WHAT IS EXPECTED:
Make an exact copy of the data below, leaving out every picture.
START DATA LISTING
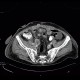 Carcinoma of bladder, metastasis in liver and abdominal wall, necrotic metastasis: CT - Computed tomography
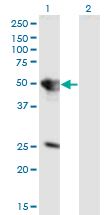 Western Blot analysis of TUFT1 expression in transfected 293T cell line by TUFT1 monoclonal antibody (M01), clone 2C10.Lane 1: TUFT1 transfected lysate (Predicted MW: 44.3 KDa).Lane 2: Non-transfected lysate.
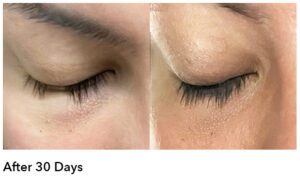 Before and After AnteAGE Lash Serum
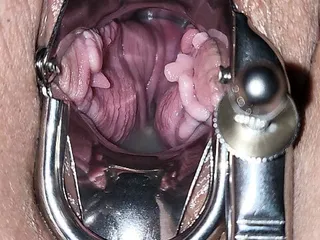 Camera Inside Vagina, Amateur BBW, Sexy Pussy, Mollige 28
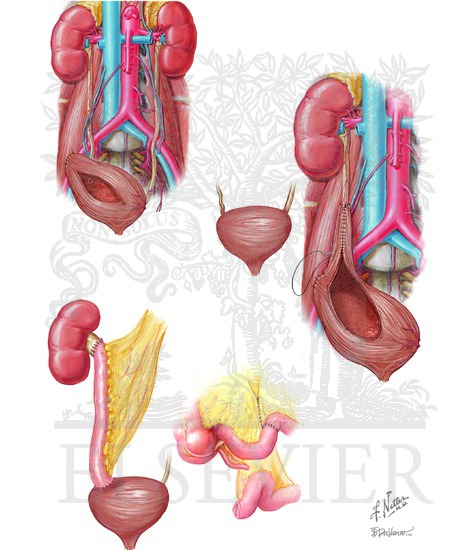 Ureteral Reconstruction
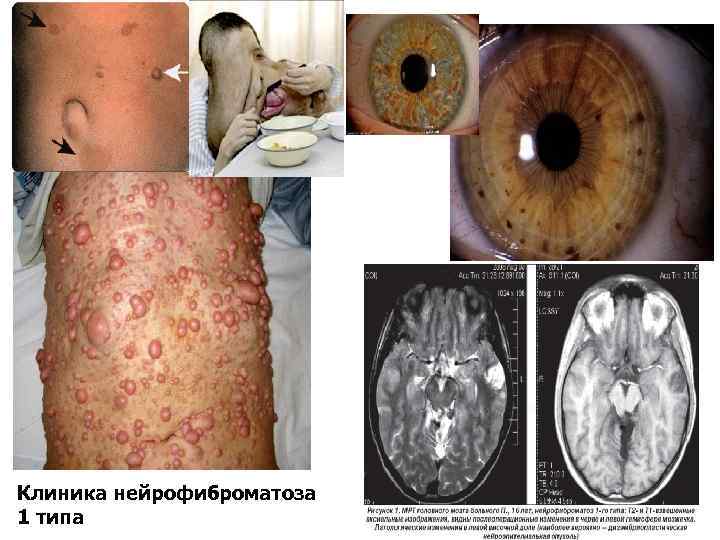 Клиника нейрофиброматоза 1 типа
END DATA LISTING
ANSWER TO THIS PROBLEM:
 Carcinoma of bladder, metastasis in liver and abdominal wall, necrotic metastasis: CT - Computed tomography
 Western Blot analysis of TUFT1 expression in transfected 293T cell line by TUFT1 monoclonal antibody (M01), clone 2C10.Lane 1: TUFT1 transfected lysate (Predicted MW: 44.3 KDa).Lane 2: Non-transfected lysate.
 Before and After AnteAGE Lash Serum
 Camera Inside Vagina, Amateur BBW, Sexy Pussy, Mollige 28
 Ureteral Reconstruction
 Клиника нейрофиброматоза 1 типа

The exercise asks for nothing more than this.